__Data to examine__.
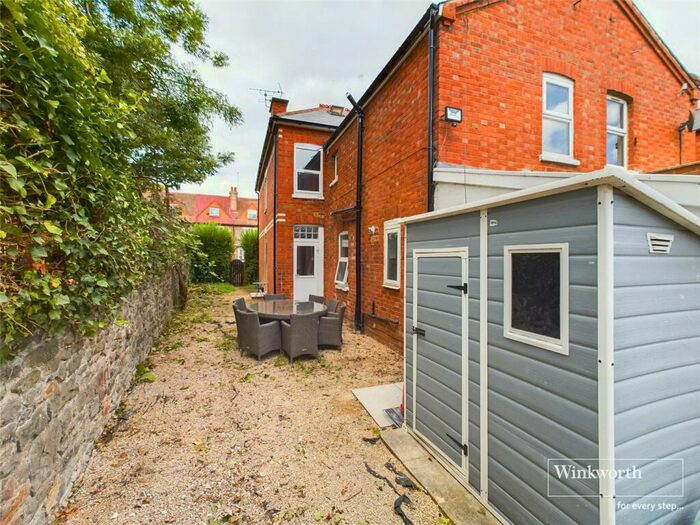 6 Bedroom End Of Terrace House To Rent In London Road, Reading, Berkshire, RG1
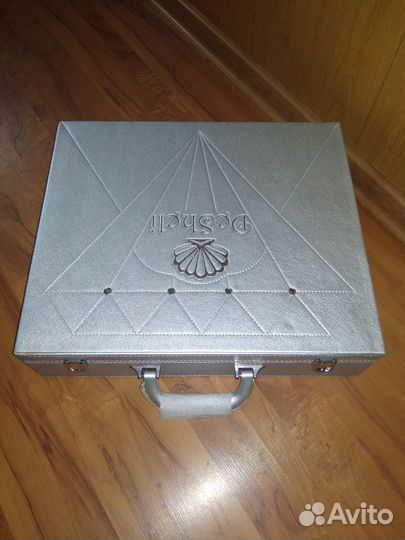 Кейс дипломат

---

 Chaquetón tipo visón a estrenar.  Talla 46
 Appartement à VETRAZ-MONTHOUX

__Exercise instructions__. In the listing above, find the line with "6 Bedroom End" and the line with "Кейс дипломат". Set down exactly those lines and everything between them, skipping pictures.

__Solution__.
 6 Bedroom End Of Terrace House To Rent In London Road, Reading, Berkshire, RG1
 Кейс дипломат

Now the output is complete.